An interesting new offering greets the start of the new school year - the arrival in our household of a document from school calling itself a 'contract'.
This sets out in quasi-legal terms the obligations expected of my heir and also those expected of his parents. There is, oddly enough, no effusion of legal split-infinitives 'to conscientiously instruct and educate your son ...' applying to the school itself.
I do not recall that my education ever featured contracts. In those days education and law were two different matters and the intervention of legal concepts in educational matters was inappropriate.
One hears rumours of legal battles over educational matters in America. But this has not happened in Hong Kong yet. The contract which I signed did not seem likely to be much help if a real legal fight broke out.

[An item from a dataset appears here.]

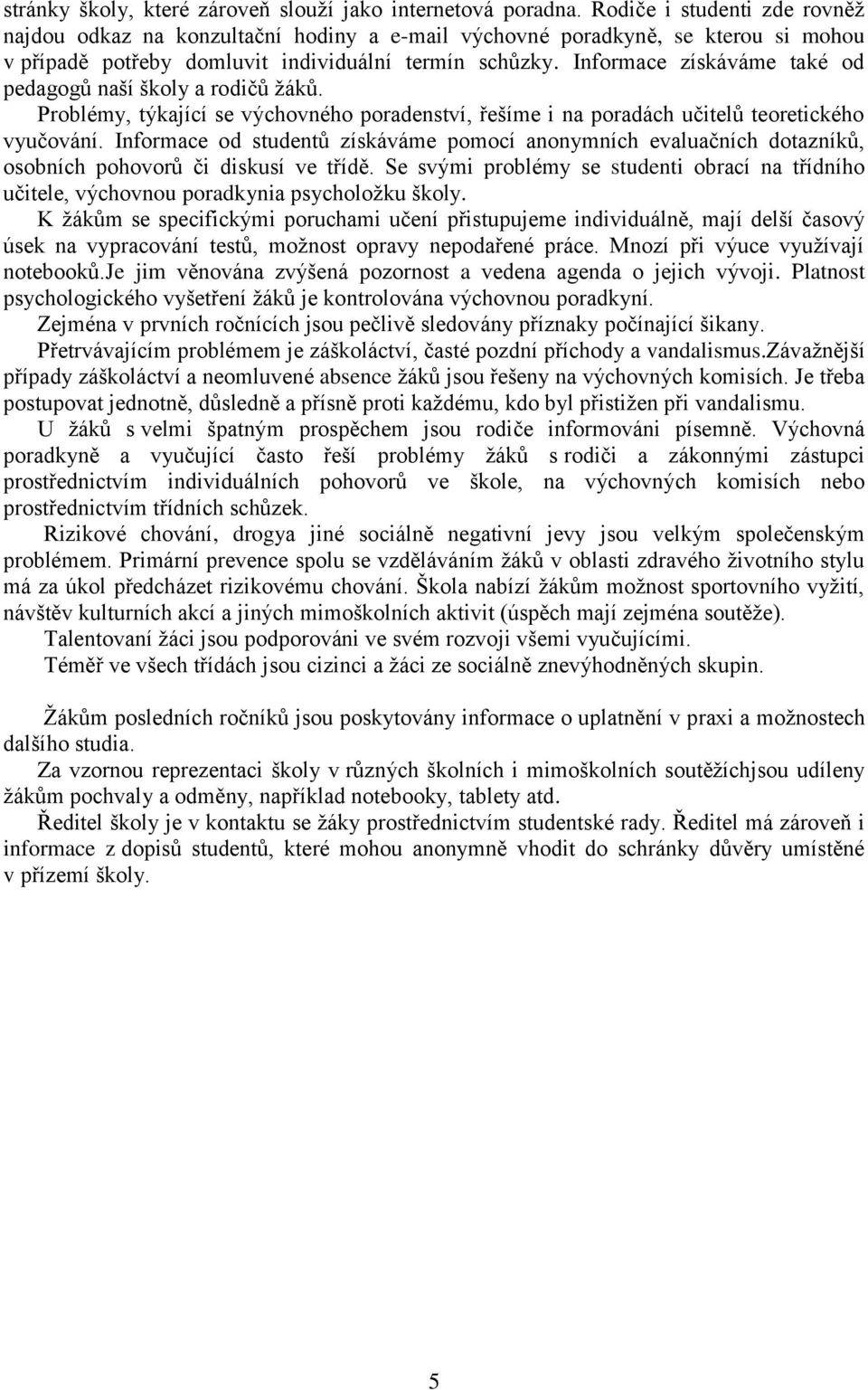 Informace získáváme také od pedagogů naší školy a rodičů ţáků. Problémy, týkající se výchovného poradenství, řešíme i na poradách učitelů teoretického vyučování.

There were no signs of a proper lawyerly concern to deflect any question of liability even if the damage was due to 'negligence of the contracting party or its agents'.
The print was uniformly large. So perhaps we can put this down as a laudable attempt to borrow a legal metaphor and use it to remind pupils of their obligations to co-operate in the efforts of their educators, and perhaps also to indicate to parents that their duties do not stop at the payment of exorbitant fees and provision of uniforms and equipment.
All the same, I wish lawyers could keep their ideas out of my workplace. At the university level the legal eagles hover in spirit over your course plan, syllabus, document or whatever. Although this important piece of paper is rarely read by teachers, and never by students, it is often described by administrators as your 'contract with students', with the implication that a student could complain - or sue you - if the thing is not followed in detail.